Boeing To Lay Off Hundreds of Engineers Amid Sales Slowdown (reuters.com)
According to Reuters, Boeing has warned its employees that it "planned another round of involuntary layoffs that would affect hundreds of engineers at its commercial airplanes unit." From the report: The latest job cuts followed a prior involuntary reduction of 245 workers set for May 19 as the company responded to increasing competition and slowing aircraft sales. The additional layoffs are due to start June 23, according to the memo from John Hamilton, vice president of engineering at Boeing Commercial Airplanes. "We are moving forward with a second phase of involuntary layoffs for some select skills in Washington state and other enterprise locations," the memo said. "We anticipate this will impact hundreds of engineering employees. Additional reductions in engineering later this year will be driven by our business environment and the amount of voluntary attrition."
I wonder how this report squares with the one from late February that "Boeing and Airbus Can't Make Enough Airplanes To Keep Up With Demand". Poor workforce management? One of these two stories must misrepresent the truth.

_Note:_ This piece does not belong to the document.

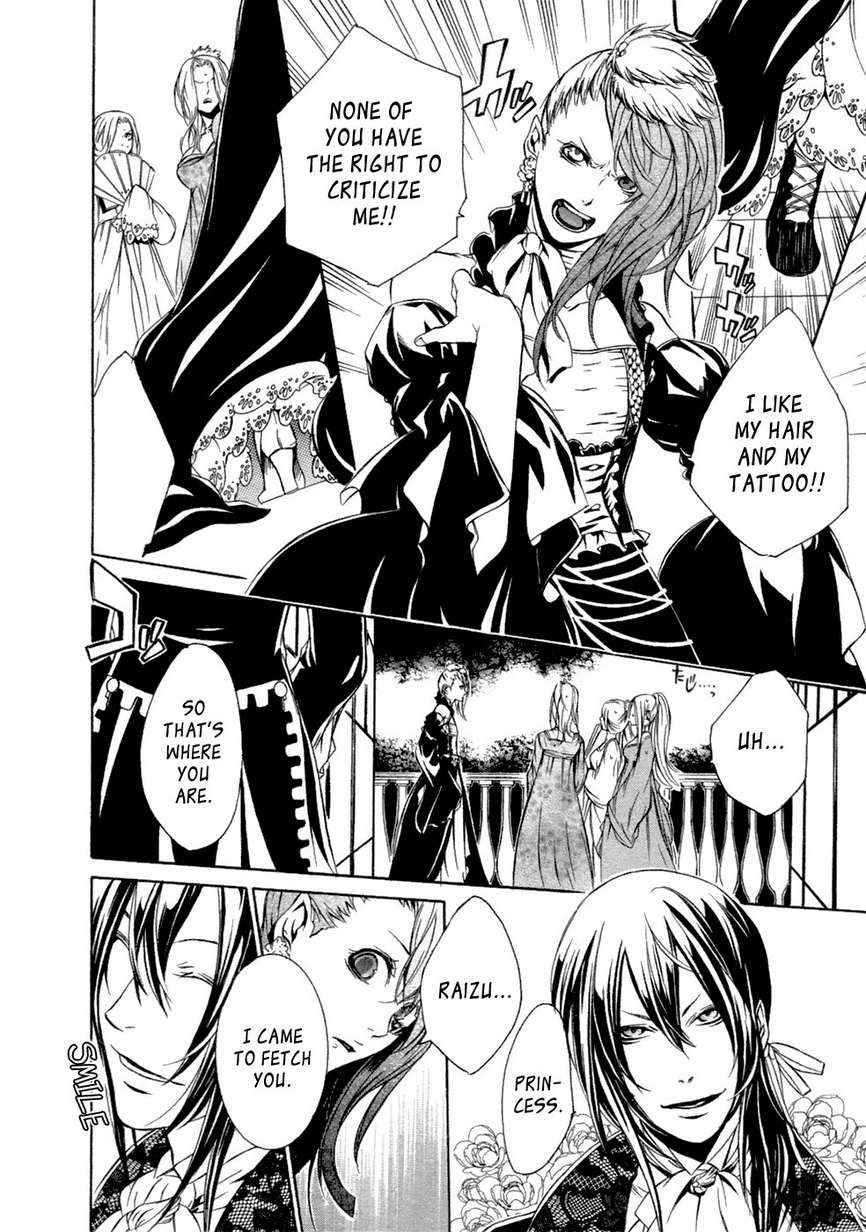 Brave 10 Chap 39 - Next Chap 40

It isn't really that the engineers get fired first; more like they don't even hire other disciplines now. The rest are outsourced to local manufacturers, or contracted workers through external companies, so it doesn't make the news when those reductions happen. Years ago Boeing manufactured a much larger percentage of their airplanes than they do now, and had a larger fraction of their administrative (e.g.) work done by employees.